For the pdf slides, click here
Concepts of MCAR, MAR, MNAR
Concepts of MCAR, MAR, MNAR
- Missing completely at random (MCAR): the probability of being missing is the same for all cases
- Cause of missing is unrelated to the data
- Missing at random (MAR): the probability of being missing only depends on the observed data
- Cause of missing is unrelated to the missing values
- Missing not at random (MNAR): probability of being missing depends on the missing values themselves
Ad-hoc Solutions
Listwise deletion and pairwise deletion
- Listwise deletion (also called complete-case analysis): delete rows which contain one or more missing values
- If data is MCAR, listwise deletion produces unbiased estimates of means, variances, and regression weights (if need to train a predictive model)
- If data is not MCAR, listwise deletion can severely bias the above estimates.
- Pairwise deletion (also called available-case analysis)
- Mean and variance of variable \(X\) are based on all cases with observed data on \(X\)
- Covariance and correlation of \(X\) and \(Y\) is based on all data which both \(X\) and \(Y\) have non-missing values
Mean imputation
- Compared with the observed data, in the imputed data (observed + imputed values)

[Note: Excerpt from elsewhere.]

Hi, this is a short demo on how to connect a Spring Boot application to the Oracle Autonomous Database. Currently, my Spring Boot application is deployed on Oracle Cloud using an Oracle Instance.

- Standard deviations decrease
- Correlation decreases
- Means can be biased if the data is not MCAR.
Regression imputation
- Build a regression model from the observed data
- Impute the missing values in the response variable with the predicted values from the fitted regression
- The impute values are the most likely values under the model
- However, it decreases the variance of the target variable
- And it increases the correlations between the target and covariates
- Regression imputation, and its modern incarnations in machine learning is probably the most dangerous of all ad-hoc methods
Stochastic regression imputation
- Build a regression model from the observed data
- Impute a missing value in the response variable with the predicted value plus a random draw from the residual
- Preserves variance and correlation.
- Imputed values can exceed the range (e.g., a negative Ozone level). A more suitable model may resolve this.
LOCF and BOCF
Last observation carried forward (LOCF) and baseline observation carried forward (BOCF) are for longitudinal data.

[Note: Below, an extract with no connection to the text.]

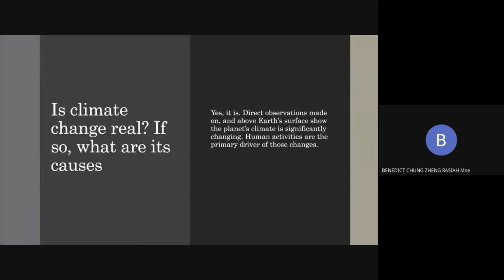Is climate change real? If so, what are its causes? Yes, ladies and gentlemen, climate change is definitely real. Direct observations made on and above Earth's surface show the planet's climate is significantly changing. Human activities are the primary driver of those changes.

LOCF can yield biased estimation even under MCAR.
Indicator method
- Not for imputation, but for building predictive models
- Only works for missing in covariates, not the target variables
Summary of ad-hoc imputation methods
- Note: the unbiasness of regression coefficients are assess with the variable containing missing values as the target variable
Multiple Imputation in a Nutshell
Multiple imputation creates \(m>1\) complete datasets
- Three steps of multiple imputation
- Imputation
- Analysis: train separate models
- Pooling: variance among \(m\) parameter estimates combines the conventional sampling variance (within-imputation variance) and the extra variance caused by the missing data (between-imputation variance)
Why using multiple imputation?
- It provides a mechanism to deal with the inherent uncertainty of the imputations
- It separate the solution of the missing data problem from the solution of the complete-data problem (train predictive models on complete data)

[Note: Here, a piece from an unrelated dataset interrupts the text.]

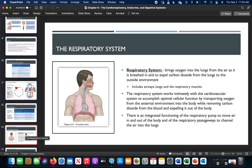Moving to the respiratory system — the lungs, airway, and the diaphragm. The respiratory system's main job is to bring in air enriched with oxygen and to expel carbon dioxide out of the lungs into the environment, where it can be converted back to oxygen through photosynthesis and other processes.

Multiple imputation example using the mice package
## Load the mice package
library(mice);
## Impute 20 times, using preditive mean matching
imp <- mice(airquality, seed = 1, m = 20, print = FALSE)
## Fit linear regressions
fit <- with(imp, lm(Ozone ~ Wind + Temp + Solar.R))
## Pooled regression estimates
pander(summary(pool(fit)))
term | estimate | std.error | statistic | df | p.value |
---|---|---|---|---|---|
(Intercept) | -60.21 | 21.57 | -2.791 | 100.3 | 0.006 |
Wind | -3.174 | 0.644 | -4.927 | 83.29 | 0 |
Temp | 1.584 | 0.228 | 6.959 | 125.7 | 0 |
Solar.R | 0.058 | 0.023 | 2.454 | 79.63 | 0.016 |
References
Van Buuren, S. (2018). Flexible Imputation of Missing Data, 2nd Edition. CRC press.